Ce surgissement d’un objet simple, presque banal, fait la force du tableau. « Le citron, c’est quelque chose d’extrêmement banal et d’exceptionnel, formidable en même temps. C’est ça, le génie de Manet : c’est l’un des premiers à faire, de vraiment pas grand-chose, quelque chose de profondément poétique. » Il n’y a pas, ici, la grande construction symbolique que l’on retrouve dans les natures mortes anciennes. Il y a la simplicité nue, portée à son acmé.

L’exposition est accompagnée, chaque dimanche à 17h30, d’un format court baptisé Les visites pressées. Elle se tient jusqu’au 28 juillet 2025. Son impact est suivi attentivement. Marc Gricourt, maire de Blois, espère qu’elle permettra de renforcer encore l’attractivité du site : « Évidemment, ça peut être quelque chose qui contribue à l’attractivité de ce château royal, qui, je le rappelle, est quand même le plus beau château royal du Val de Loire, » dit-il dans un sourire malicieux. L’édile souligne également l’importance d’un tel prêt pour l’accessibilité culturelle : « C’est une chance parce que tous les habitants de notre territoire n’ont pas forcément l’opportunité, l’occasion, la capacité à aller au musée d’Orsay.
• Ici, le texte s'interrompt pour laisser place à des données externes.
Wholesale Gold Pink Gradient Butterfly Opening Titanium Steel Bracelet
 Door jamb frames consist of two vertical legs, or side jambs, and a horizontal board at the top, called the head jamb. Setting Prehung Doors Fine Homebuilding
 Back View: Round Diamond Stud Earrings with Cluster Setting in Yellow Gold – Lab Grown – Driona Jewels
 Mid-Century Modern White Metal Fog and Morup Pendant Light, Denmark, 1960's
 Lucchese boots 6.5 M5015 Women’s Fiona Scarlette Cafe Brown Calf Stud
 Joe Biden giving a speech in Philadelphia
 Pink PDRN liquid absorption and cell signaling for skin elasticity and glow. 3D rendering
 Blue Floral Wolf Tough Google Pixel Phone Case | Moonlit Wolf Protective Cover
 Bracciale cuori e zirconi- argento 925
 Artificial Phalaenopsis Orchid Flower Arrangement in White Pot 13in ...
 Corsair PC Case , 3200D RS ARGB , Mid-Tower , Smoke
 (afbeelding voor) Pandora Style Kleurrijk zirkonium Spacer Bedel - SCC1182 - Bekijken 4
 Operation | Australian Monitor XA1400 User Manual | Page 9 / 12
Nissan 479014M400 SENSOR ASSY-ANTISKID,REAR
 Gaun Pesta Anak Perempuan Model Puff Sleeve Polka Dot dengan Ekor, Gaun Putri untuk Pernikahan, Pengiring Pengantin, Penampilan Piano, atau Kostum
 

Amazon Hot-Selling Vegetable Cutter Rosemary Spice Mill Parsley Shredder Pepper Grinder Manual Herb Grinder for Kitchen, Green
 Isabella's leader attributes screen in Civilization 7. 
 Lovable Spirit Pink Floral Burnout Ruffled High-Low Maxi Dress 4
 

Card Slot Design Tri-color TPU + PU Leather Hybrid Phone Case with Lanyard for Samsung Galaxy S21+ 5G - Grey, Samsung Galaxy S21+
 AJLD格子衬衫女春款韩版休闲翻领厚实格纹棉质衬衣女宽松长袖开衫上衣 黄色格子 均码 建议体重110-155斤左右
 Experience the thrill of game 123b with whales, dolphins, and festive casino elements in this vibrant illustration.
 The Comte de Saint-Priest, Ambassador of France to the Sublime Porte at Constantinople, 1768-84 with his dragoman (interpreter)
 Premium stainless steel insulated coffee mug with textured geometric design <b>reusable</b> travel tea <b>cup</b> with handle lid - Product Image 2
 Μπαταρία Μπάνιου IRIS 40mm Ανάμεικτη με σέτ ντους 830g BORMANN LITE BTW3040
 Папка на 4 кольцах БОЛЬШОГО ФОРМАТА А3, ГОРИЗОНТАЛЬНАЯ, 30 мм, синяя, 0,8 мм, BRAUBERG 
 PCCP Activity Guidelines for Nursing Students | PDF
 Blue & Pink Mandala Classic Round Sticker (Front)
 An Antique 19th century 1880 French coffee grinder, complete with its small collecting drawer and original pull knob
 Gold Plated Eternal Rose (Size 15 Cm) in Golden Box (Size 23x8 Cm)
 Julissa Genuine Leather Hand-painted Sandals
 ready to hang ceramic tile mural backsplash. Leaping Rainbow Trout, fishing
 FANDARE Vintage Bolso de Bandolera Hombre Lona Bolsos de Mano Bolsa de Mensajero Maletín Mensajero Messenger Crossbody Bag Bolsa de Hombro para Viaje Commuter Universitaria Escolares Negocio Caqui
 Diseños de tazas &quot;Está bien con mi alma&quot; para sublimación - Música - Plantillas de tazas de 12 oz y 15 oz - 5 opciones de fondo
Pouvoir décentraliser des œuvres aussi riches que celles-ci dans d’autres territoires, c’est permettre de rendre plus accessible la connaissance culturelle des citoyens et des citoyennes. »
L’impact local est déjà mesurable, selon Cédric Marmuse, adjoint chargé de la médiation culturelle : « À chaque événement, on constate une mobilisation des Blésois, un mouvement réel, bien plus qu’un simple frémissement. Pour l’installation contemporaine d’Eness, en décembre dernier, il me semble que nous avions enregistré plus de 3 000 entrées avec le Pass Culture. » L’élu rappelle que celui-ci (plus de 15.000 ont été attribués) permet aux habitants de venir autant qu’ils le souhaitent dans les musées municipaux, ce qui favorise leur appropriation du château : « L’idée, c’est bien d’avoir des propositions qui s’ouvrent à l’extérieur, à d’autres publics, à des nouveaux publics, mais bien sûr aussi on s’adresse à nos Blésois. »
Durant trois mois, à Blois, un agrume posé sur une assiette noire va nous raconter à lui seul un pan entier d’histoire. « Cette année, il y avait vraiment une belle opportunité et un bel alignement des planètes, ou des citrons », plaisante le directeur du château, Bastien Lopez.